C’est pas la première tempête que je subis ici, mais celle-ci est gratinée, vous pouvez me croire ! Dans la cheminée, je brûle tous mes bouquins un par un. Je n’ai plus que ça, ma réserve de bois est épuisée, j’aurai pas cru que vingt stères passeraient aussi vite. Je m’ouvre une boite de cassoulet William Saurin que je bouffe emmitouflé dans un plaid écossais. Putain, ça caille sec ! Et dehors, ça souffle si fort que je me demande si le toit va tenir le coup… C’est ainsi, et alors que je racle consciencieusement avec mes doigts engourdis le fond de la boite, que j’entends frapper à la porte… Je chope le fusil du voisin (que je laisse maintenant toujours à portée de main)… j’attends personne… non, c’est sûr, que je n’attends personne… ! Derrière la turne en bois, ça gueule, ça gueule des mots que je ne comprends pas… du patois peut-être… ? Non ! Du petit nègre plutôt… ! Merde… je tire dans le tas… sans sommation… Pum, pum !
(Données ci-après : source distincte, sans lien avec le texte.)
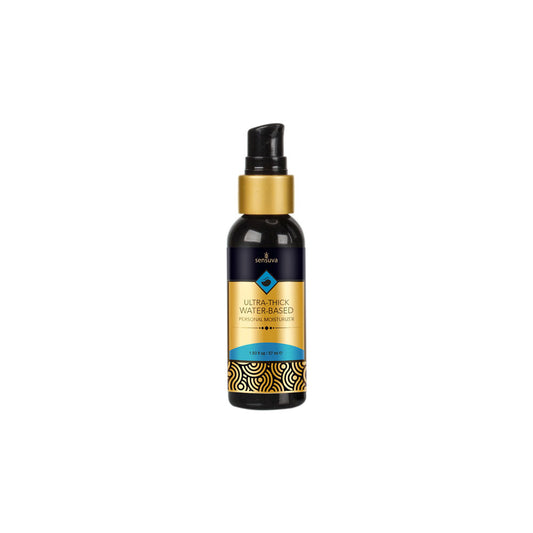 Ultra-Thick Water-Based Personal Moisturizer 1.93 Fl Oz. - Unscented SEN-VL762 Ultra-Thick Water-Based Personal Moisturizer 1.93 Fl Oz. - Unscented SEN-VL762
Le vingt-cinq décembre, au matin.
La Josiane (Balasko) n’a pas vraiment apprécié de se faire canarder comme ça (comme un lapin), juste après s’être tapé plus de deux heures de marche dans la poudreuse. Heureusement que les plombs n’étaient pas très très gros (du calibre douze seulement) et que sa doudoune en plumes a amorti un peu aussi. Ce qui est plus moche, c’est qu’elle n’a pas très bon caractère au départ, et que cela risque bien de ne pas s’arranger si elle se chope en plus du saturnisme…
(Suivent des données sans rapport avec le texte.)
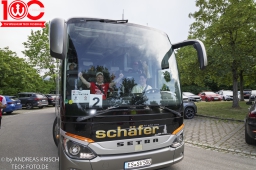 Relegationsspiel TV Unterboihingen - SG Hausen · 21. Juni 2026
Une surprise ! Une petite surprise qu’ils voulaient me faire pour Noël, les cons… ! Et c’est à douze qu’ils ont débarqués dans mon royaume, et même Jojo la came a fait le voyage ! Ah, ce qu’on a pu rire après coup de ma méprise ! Et bon sang de bon soir, comme j’avais oublié que cela pouvait faire autant de bien de rire et de picoler avec de bons copains !
Fin Janvier.
Aujourd’hui, ils sont toujours là. Treize à table tous les jours ! N’ont pas eu le temps de repartir avant le déclenchement du troisième confinement, alors voilà… ils sont restés ici !
Et moi, de mon côté, j’ai recommencé à écrire…
Alors… elle est pas belle la vie à la campagne ?!
*Tentative de contrepéterie avortée.